### WHAT TO DO
Take the listing below and print exactly the lines starting at the line containing "Leon 195/185 Rainbow" and ending at the line containing "GİRNE MERKEZ DE ,YENİ,EŞYALI SATILIK DAİRE", both ends included, and no others.
[[ SOURCE MATERIAL, beginning ]]
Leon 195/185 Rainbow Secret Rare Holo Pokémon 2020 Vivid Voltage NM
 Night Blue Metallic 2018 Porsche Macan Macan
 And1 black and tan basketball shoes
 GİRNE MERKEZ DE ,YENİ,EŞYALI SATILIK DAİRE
[[ SOURCE MATERIAL, end ]]
[[ SOURCE MATERIAL, beginning ]]
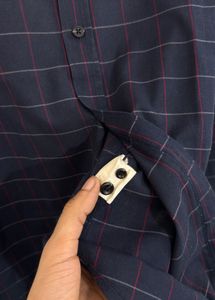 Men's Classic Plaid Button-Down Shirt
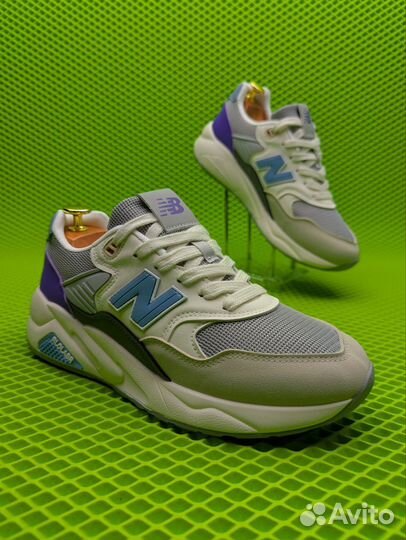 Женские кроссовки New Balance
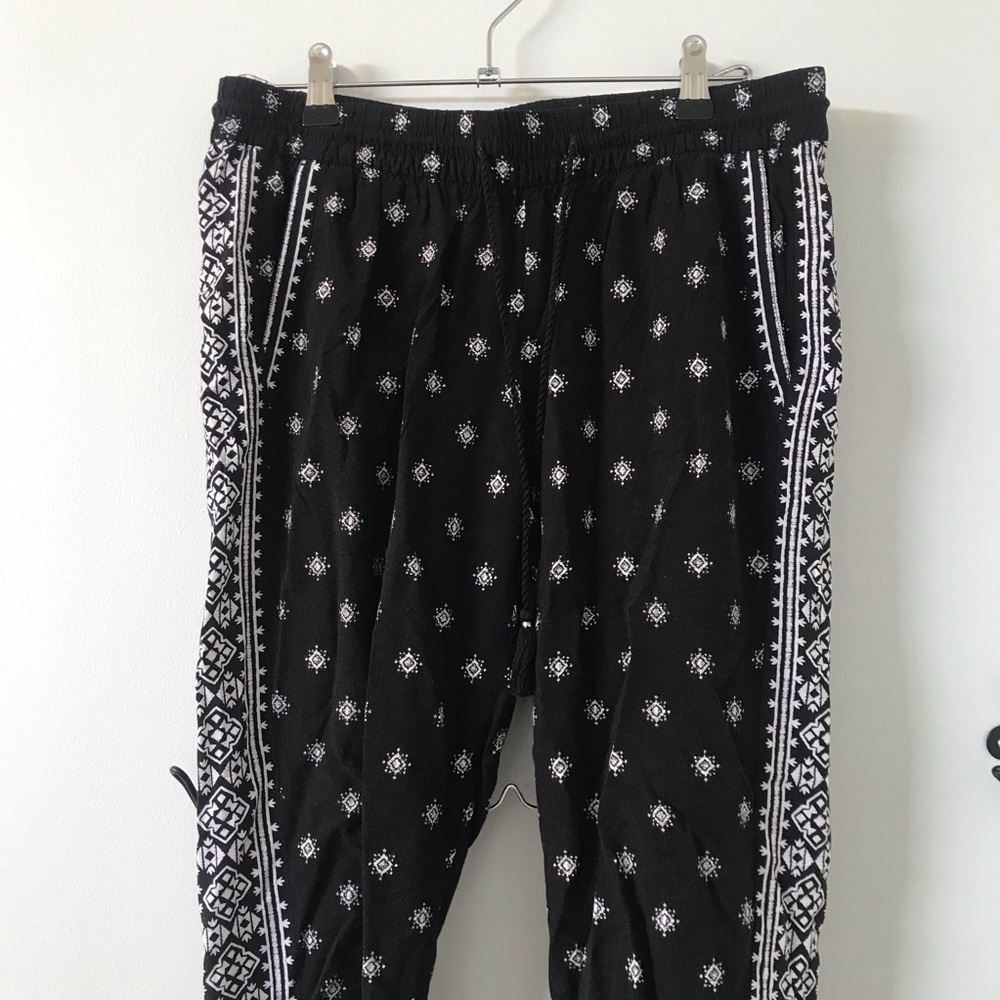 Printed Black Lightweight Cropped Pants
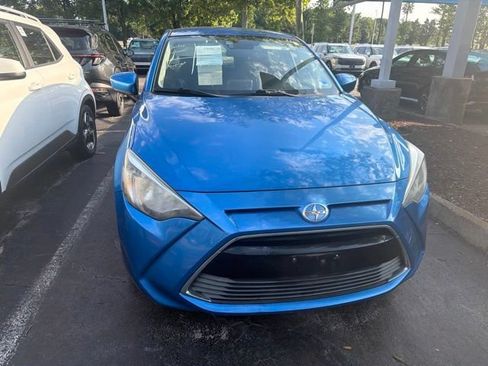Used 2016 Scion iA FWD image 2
[[ SOURCE MATERIAL, end ]]
### RESPONSE BELOW
Leon 195/185 Rainbow Secret Rare Holo Pokémon 2020 Vivid Voltage NM
 Night Blue Metallic 2018 Porsche Macan Macan
 And1 black and tan basketball shoes
 GİRNE MERKEZ DE ,YENİ,EŞYALI SATILIK DAİRE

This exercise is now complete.